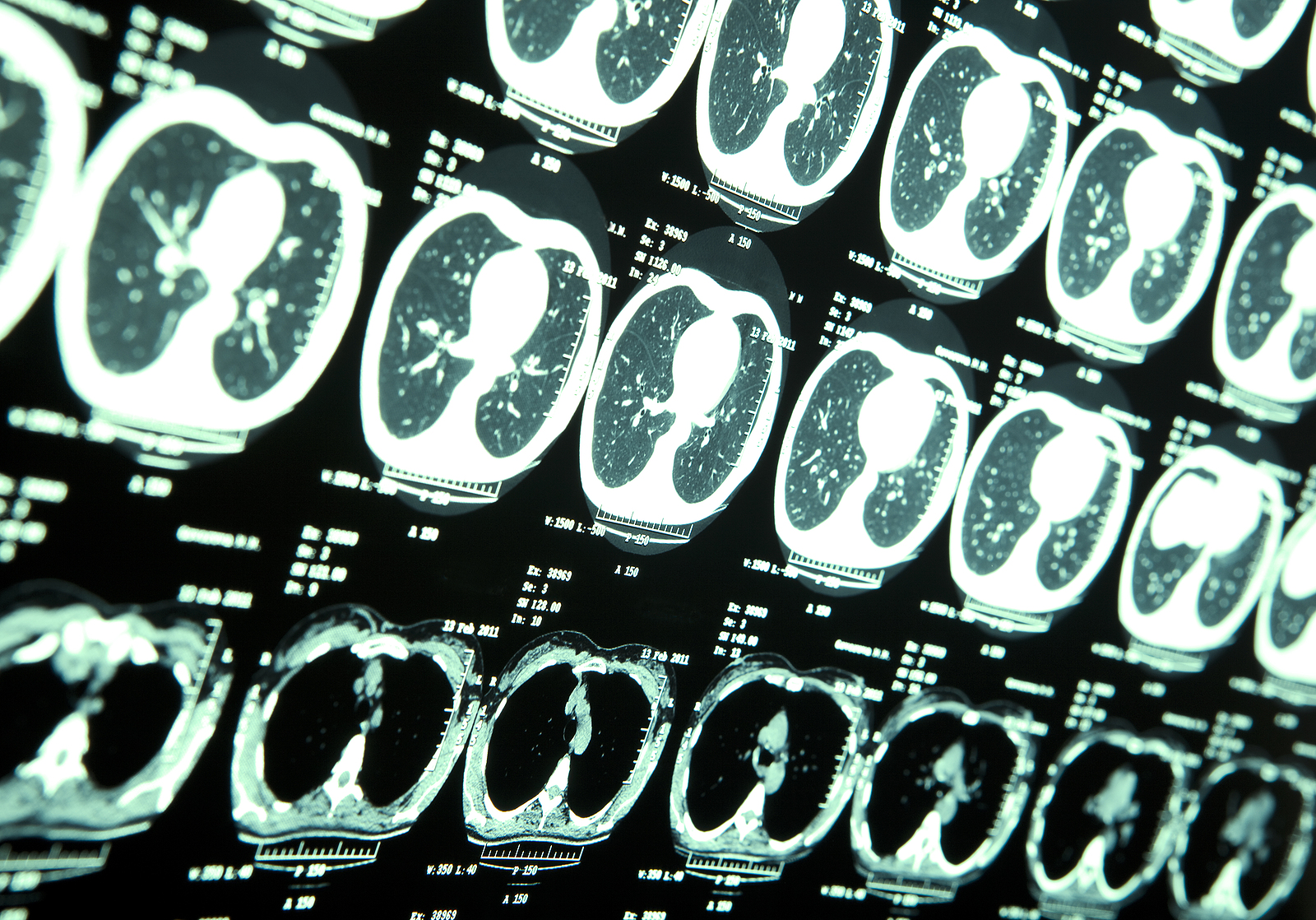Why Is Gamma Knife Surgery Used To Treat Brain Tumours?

#####

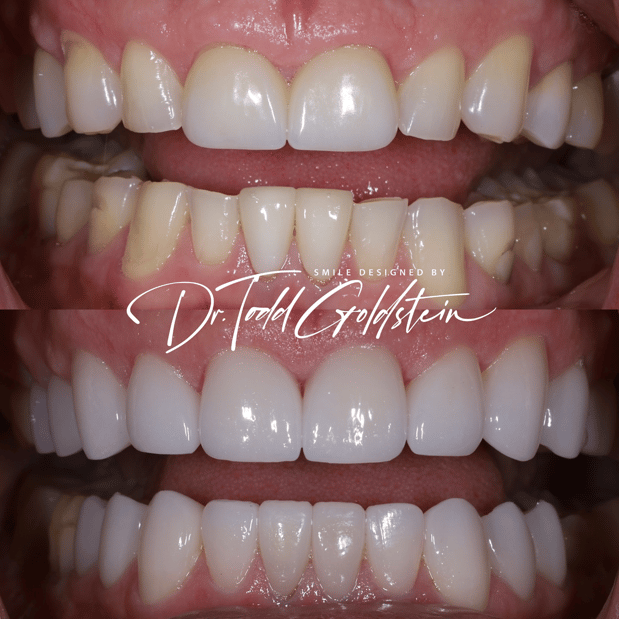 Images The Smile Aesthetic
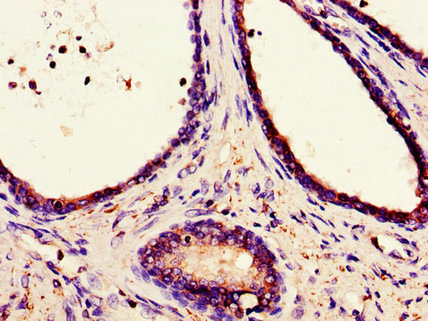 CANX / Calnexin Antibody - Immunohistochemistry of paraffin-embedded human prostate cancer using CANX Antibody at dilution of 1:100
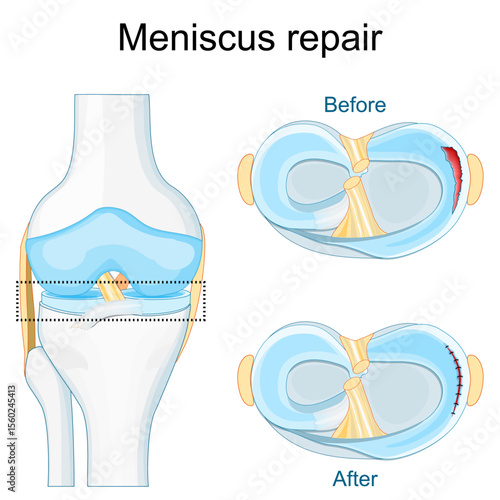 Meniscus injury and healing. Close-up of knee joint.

#####

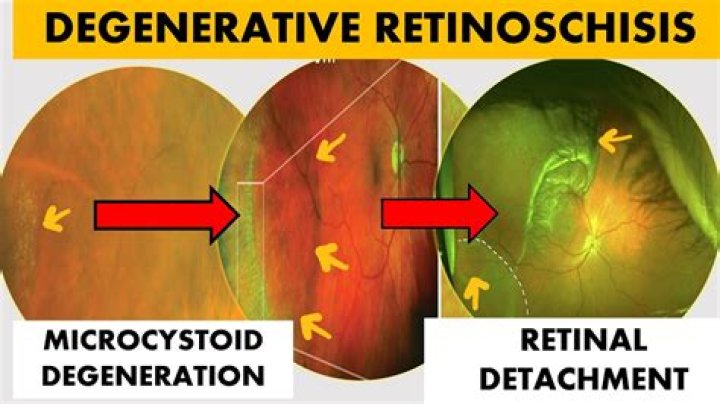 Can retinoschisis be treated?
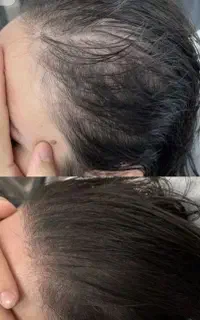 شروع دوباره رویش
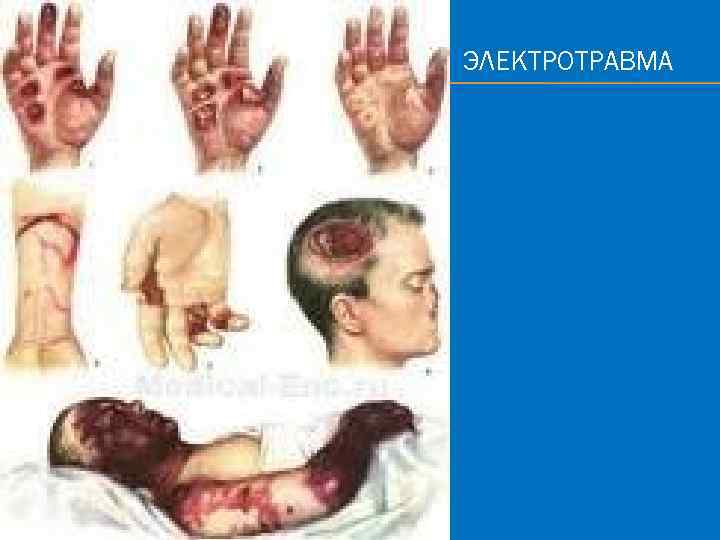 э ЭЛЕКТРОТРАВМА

#####

Exercise requirements:
Within the listing above, the stretch from the line with "Images The Smile Aesthetic" down to the line with "Meniscus injury and" is to be given again exactly, end lines included and pictures excluded.

Expected output:
 Images The Smile Aesthetic
 CANX / Calnexin Antibody - Immunohistochemistry of paraffin-embedded human prostate cancer using CANX Antibody at dilution of 1:100
 Meniscus injury and healing. Close-up of knee joint.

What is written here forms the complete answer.